Genauso wie die gesalbten Christen Jesus folgen, ganz gleich wohin er geht, möchten die Glieder der „großen Volksmenge“ mit dem ‚treuen und verständigen Sklaven‘ mitgehen. (Absatz 13)

Die Nichtgesalbten befinden sich immer in der Gefolgschaft der „Sklavenklasse“, aber nie in der von Jesus. Was bleibt ihnen da noch übrig, als nur noch maßlosen Gehorsam gegenüber der „Sklavenklasse“ zu bekunden, um wenigstens einen Teil des Segens Jesu abzubekommen, der noch übrigbleibt. In der nächsten Überschrift auf Seite 28 wird mit offenen Karten gespielt:

Gesegnet, weil man auf den ‚Sklaven‘ hört“

Nicht der Gehorsam gegenüber Jesus ist entscheidend, dafür umso mehr der Gehorsam gegenüber dem „Sklaven“. Von letzterem hängt vieles ab. Der „Sklave“ erwartet von seiner Gefolgschaft weder eine kritische Rückmeldung in Form von Leserrezensionen, noch ist erwünscht, dass sich Zeugen Jehovas in organisatorische Entscheidungen mit einbringen. Von ihnen wird nur erwartet, dass sie sich sinngemäß folgende Fragen stellen: Nehme ich die Erklärungen der Bibel dankbar an und setzte sie bereitwillig in meinem Leben um? Befolge ich gerne organisatorische Entscheidungen des Sklaven? (Seite 28).

Ich hatte am Anfang etwas über den Begriff des „Sklaven“ erwähnt und klar gemacht, dass er bei den Zeugen Jehovas in Wahrheit rein kognitiv in erster Linie immer mit der Führerfigur, der „leitenden Körperschaft“ in Brooklyn assoziiert wird. So will es die „leitende Körperschaft“ auch wirklich verstanden wissen. Im Absatz 17 wird daher nochmal scharf akzentuiert, wem in erster Linie der Gehorsam zu zollen ist. Der „treue und verständige Sklave“ wird vertreten durch eine sogenannte „leitende Körperschaft“. Ganz besonders ihnen, den Männern in Brooklyn, gegenüber sollen die Nichtgesalbten gehorsam sein‚ weil sie es in erster Linie sind, „die unter euch die Führung übernehmen“ (Hebräer 13:7) denn, so begründen sie selbstlobend, sie…

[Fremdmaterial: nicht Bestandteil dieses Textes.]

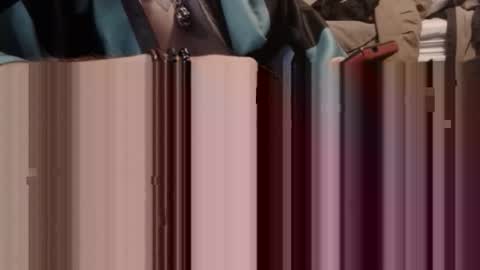 Karlos Montoya online show from 01.02.25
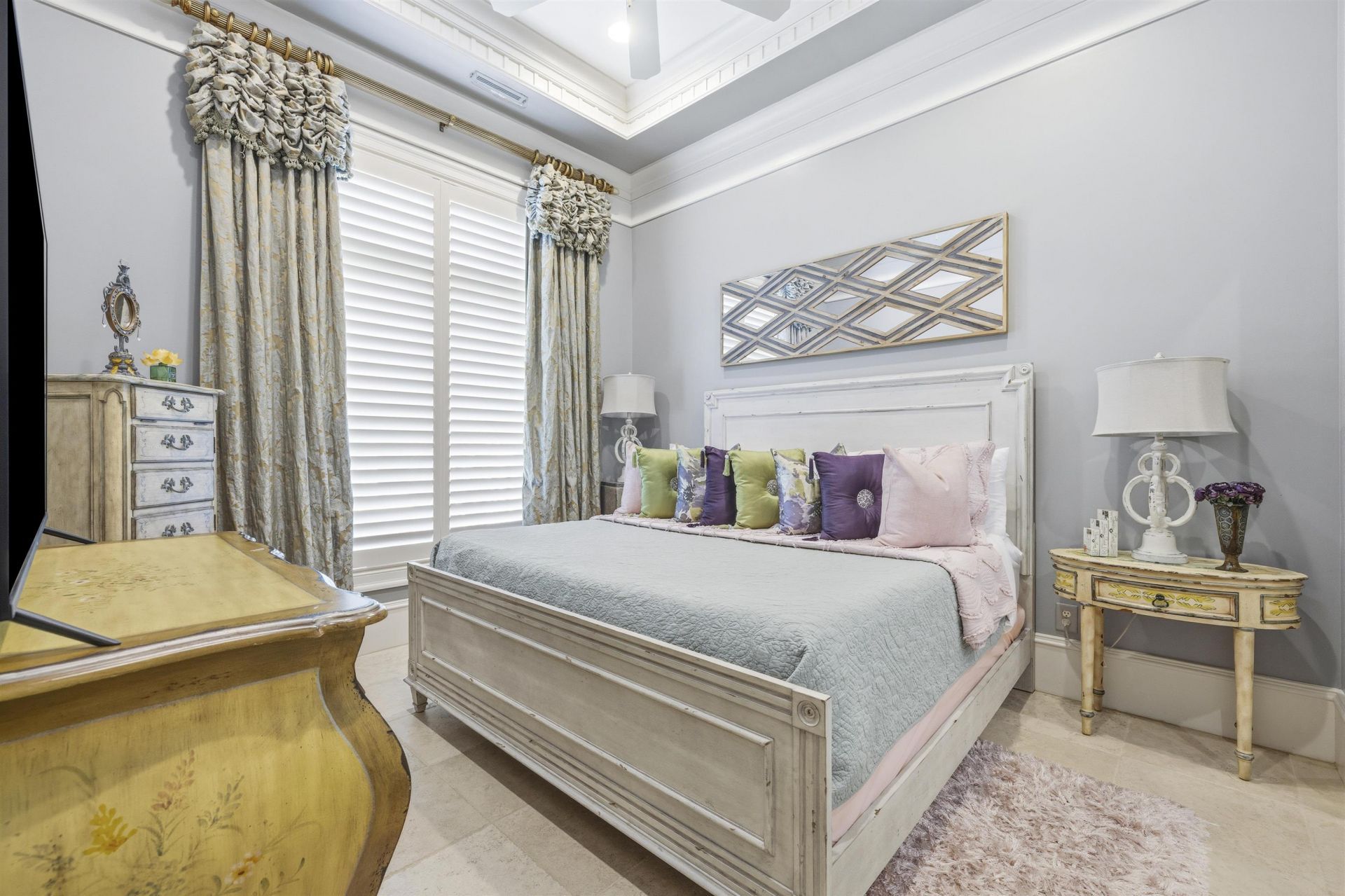 8572 Rosano Circle Photo 24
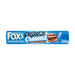 Fox's Chocolate & Vanilla Creams - 200g imported British grocery product available in Canada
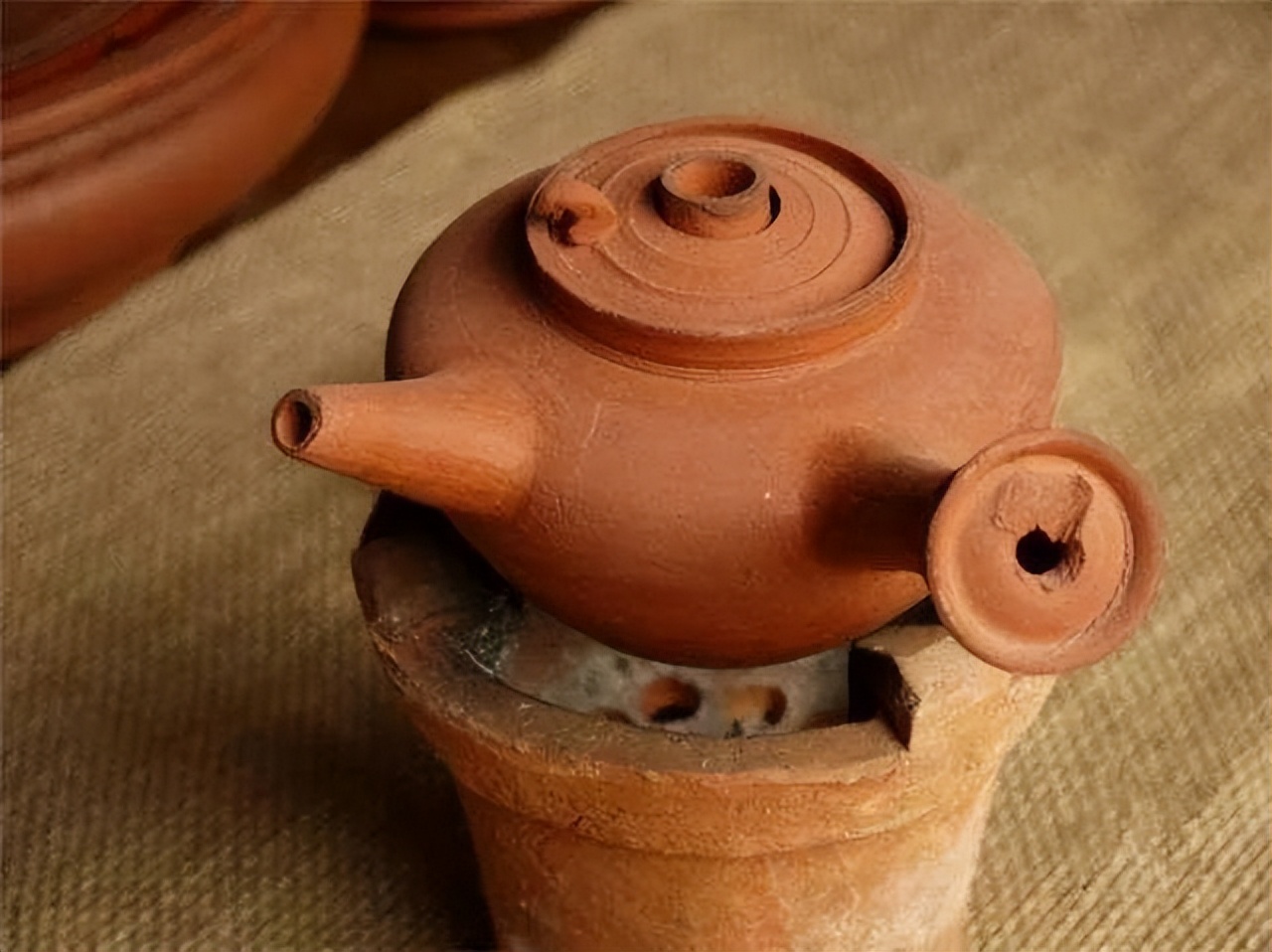 有茶香味的香水排行榜,乌龙茶顶级茶香味有哪些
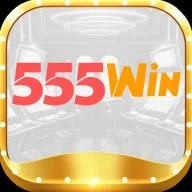 winstudio555
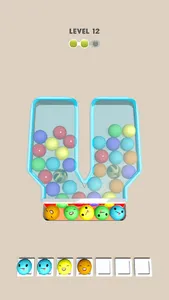 Ball Jam screenshot 10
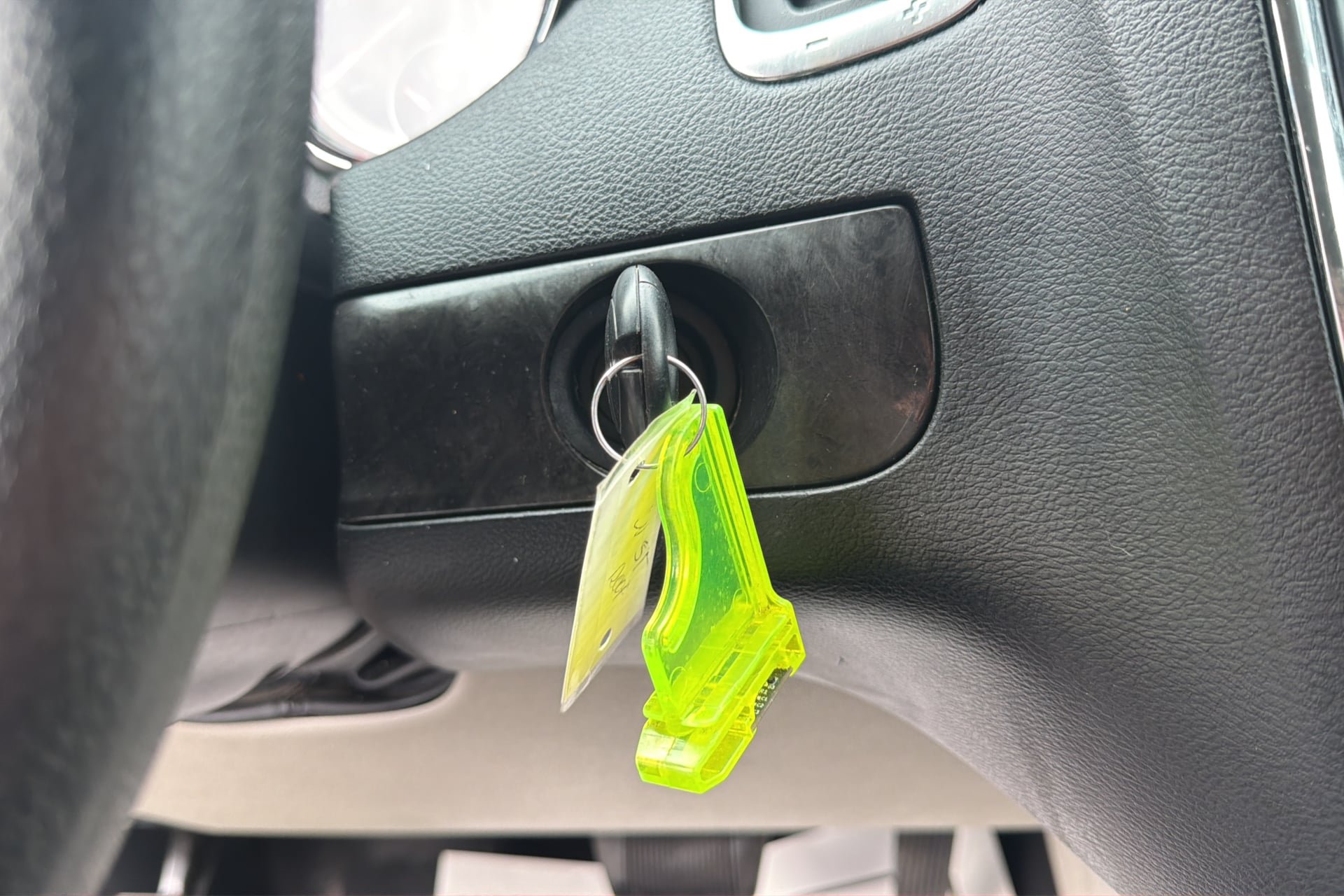 Used 2017 Dodge Grand Caravan SE FWD image 37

… sind wirklich “allezeit reichlich beschäftigt im Werk des Herrn” [...] Auf die Sklavenklasse zu hören erfordert somit von uns, die leitende Körperschaft uneingeschränkt zu unterstützen.

Der Gehorsam gegenüber der zentralen Führung erfüllt somit eine Doppelfunktion. Sie erfüllt den Gehorsamsanspruch Jehovas und Jesu zugleich. In Wirklichkeit wird Jesu Rolle dadurch herabgestuft. Im Ergebnis distanzieren sich die Zeugen Jehovas von Jesus Christus. Nun hören sie nicht mehr auf seine Stimme. Nur noch die Stimme des Sklaven sollen sie erkennen und darauf hören.

In Absatz 19 wird im ersten Satz gefragt:

Was erwartet die, die auf die Stimme des Sklaven gehört haben, in der Zukunft, [...]?

Mit diesem Anspruch kann sich der Sklave oder genauer gesagt, jene Männer, die die leitende Körperschaft bilden, jede lehrmäßige Achterbahnfahrt erlauben, die durch sämtliche Irrungen und Wirrungen des Lehrgebäudes führt, ohne jemals für ihre eigenen Ungereimtheiten geradestehen zu müssen. Es liegt an den Einzelnen in der Zeugen-Jehovas-Gemeinde, diese unbiblischen, ja fast schon jesusfeindlichen Auswüchse zu erkennen und sich zu entscheiden, ob er lieber Jesus direkt folgt oder einem Jesusvermittler in Gestalt einer sogenannten „Sklavenklasse“ nachhängen will, um so zum blinden Gehorsam verdammt zu bleiben.